I'm still looking to get my first. I think a show cocker cross mini poodle and proberbly a girl. So tempted with Janices reds or maybe a chocolate and I love black , oh dear too much choice.


----------



## lola24 (Aug 14, 2011)

I would have and american x mini (small) or american x toy (possibly). Would have to be red with a black nose (like a teddy bear)!!

Realisticaly it will be one of Izzi's or Lola's (in the big future!!) that we keep so working x mini, would love it to be a red though!


----------



## Freddies Mum (Nov 20, 2010)

Our next dog won't be a cockerpoo. We have two cockerpoos and a labradoodle, but have decided that our next dog will be a miniature parti poodle. But not for a year or two. And it will be a girl to even things up. 

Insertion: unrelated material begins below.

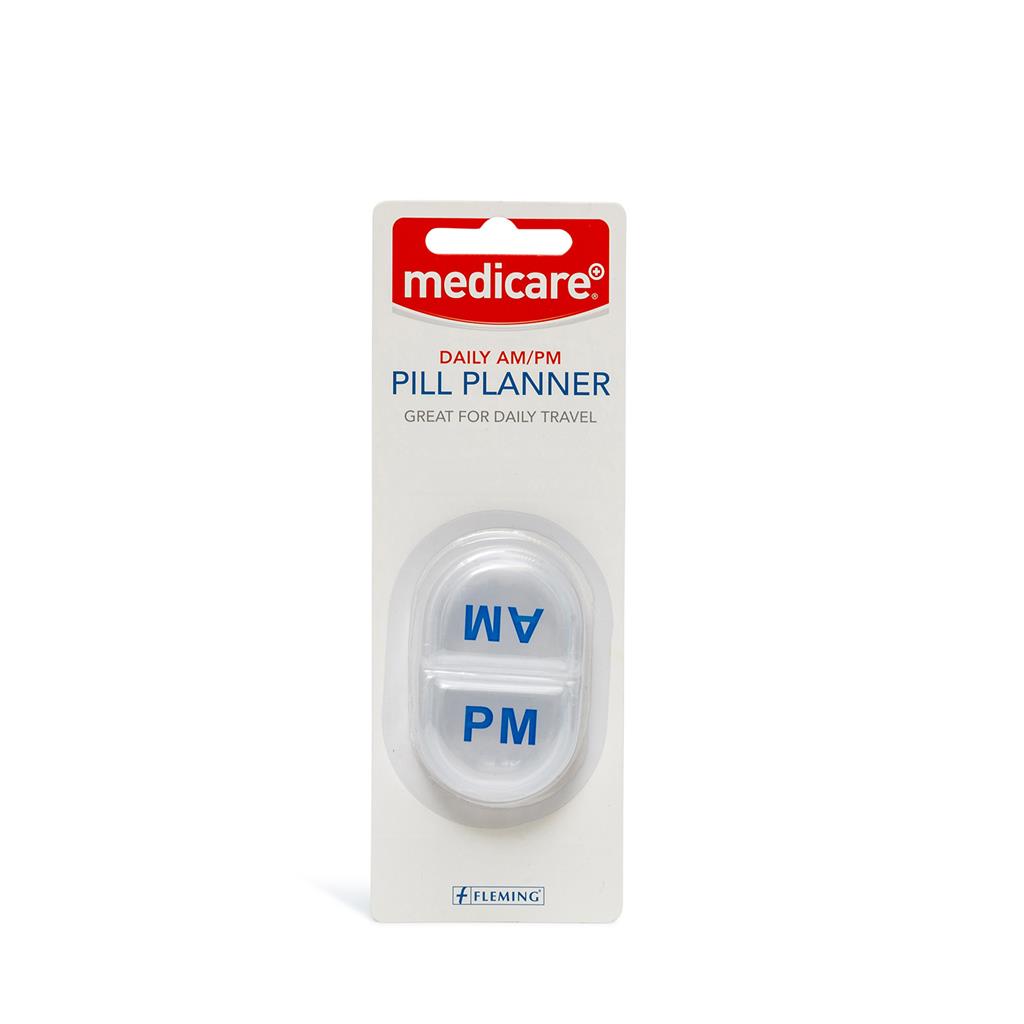 MEDICARE DAILY AM/PM PILL BOX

The daft thing is that when we were getting Freddie my OH was really worried that he might look too poodley. Now it is OH that desperately wants a pure poodle, and has even chosen a name!


----------



## Sezra (May 20, 2011)

It's funny but I was the same. I would never have considered a poodle before but now I like them.


----------



## calli.h (Aug 29, 2011)

The husband would like another boy (trying to even up the numbers in our house I think!) he is taken with chocolate ones (as a clean freak I think it just so he cant tell how truly dirty he was unlike Arthur), I wold love a blue roan, but id be smitten with which ever pup chose us to be fair!


----------



## JoJo (Mar 2, 2011)

Caped Crusader said:


> Working X Mini poodle here all day long ......I'm particularly taken with the "soft-mouthed" element from the Working Cockers, their ability to look you in the eye and the trainability side is a plus too !
> 
> As for the above post on size and look - the Working crosses tend to be in the same size bracket too. As for the look - then there are few who can tell the difference (this has been tested before).
> 
> X


Welcome Caped Crusader .. 

The look of the mix is very unpredictable due to the breeding .. this is what so many love about the breed ... agreed it is very difficult to tell the difference between some mixes ... especially when it comes to working and show in the English cockapoo breeding ... although some are more obvious than others .. 

What mix do you have? 

Do you own a cockapoo?


----------



## Kerry24 (Sep 20, 2011)

Hmmmm... think I'd stick with English show x mini... and have a soft spot for a roan. I keep seeing roan cockers and cooing over them. But then the reds are so lovely too. I probably wouldn't go for a pale colour, having a dark colour is soooooo good at covering up how filthy they get!


----------



## Laura(L)Izzie (Sep 9, 2011)

I agree with the colour statement, Izzie is very light, but we like that because we can see the mud that we have to remove before it gets all over our carpets! (which are currently cream lol). So I would prefer the lighter colours, although would love a chocolate in the future  x


----------



## wilfiboy (Sep 18, 2010)

A Blue merle would be a pipe dream, but the choc sables or white and black would be my choice.... ***, not too fussed although I think I'd lean towards a boy x


----------



## JoJo (Mar 2, 2011)

wilfiboy said:


> A Blue merle would be a pipe dream, but the choc sables or white and black would be my choice.... ***, not too fussed although I think I'd lean towards a boy x


Karen you must stick to the monochrome theme pack  ha ha ha 

Do you really think you may have a third?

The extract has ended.